Appeal by the defendant from a judgment of the Supreme Court, Queens County (Grosso, J.), rendered June 21, 2001, convicting him of robbery in the first degree, upon his guilty plea, and imposing sentence.
Before: Florio, J.P., Krausman, Crane, Rivera and Fisher, JJ., concur.
Ordered that the judgment is affirmed.
We have reviewed the record and agree with the defendant's assigned counsel that there are no nonfrivolous issues which could be raised on appeal. Counsel's application for leave to withdraw as counsel is granted ( see Anders v. California, 386 US 738; People v. Paige, 54 AD2d 631; cf. People v. Gonzalez, 47 NY2d 606).

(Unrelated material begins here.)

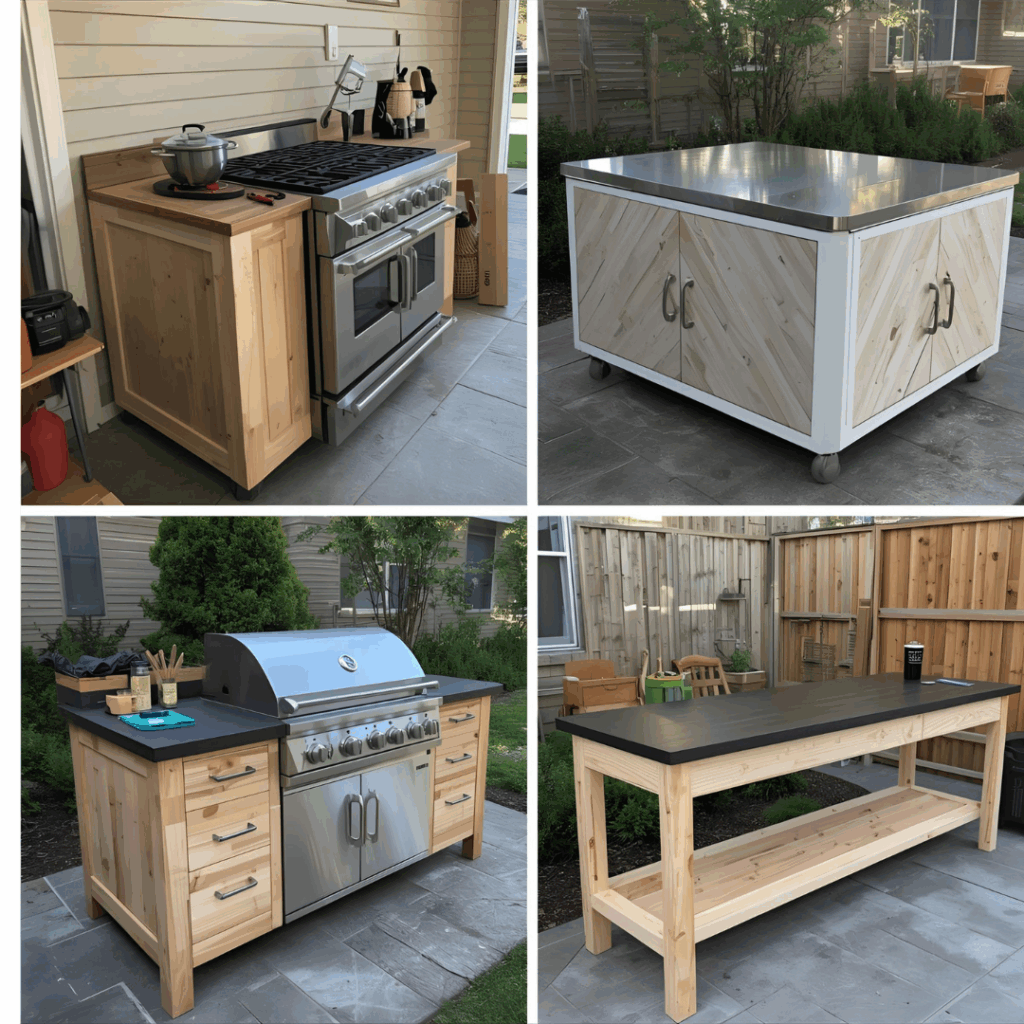 Examples of heat-resistant plywood use in kitchens, outdoor grills, and workshops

The defendant has raised no nonfrivolous issues in his supplemental pro se brief. The defendant's contentions involving factual matters dehors the record are not properly before this Court on direct appeal ( see People v. Villacreses, 12 AD3d 624, 626, lv denied 4 NY3d 768; People v. Rescigno, 248 AD2d 564, 565).
The defendant's remaining pro se contention that the Supreme Court erred in denying his motion pursuant to CPL 440.20 is not cognizable on this appeal from the judgment of conviction.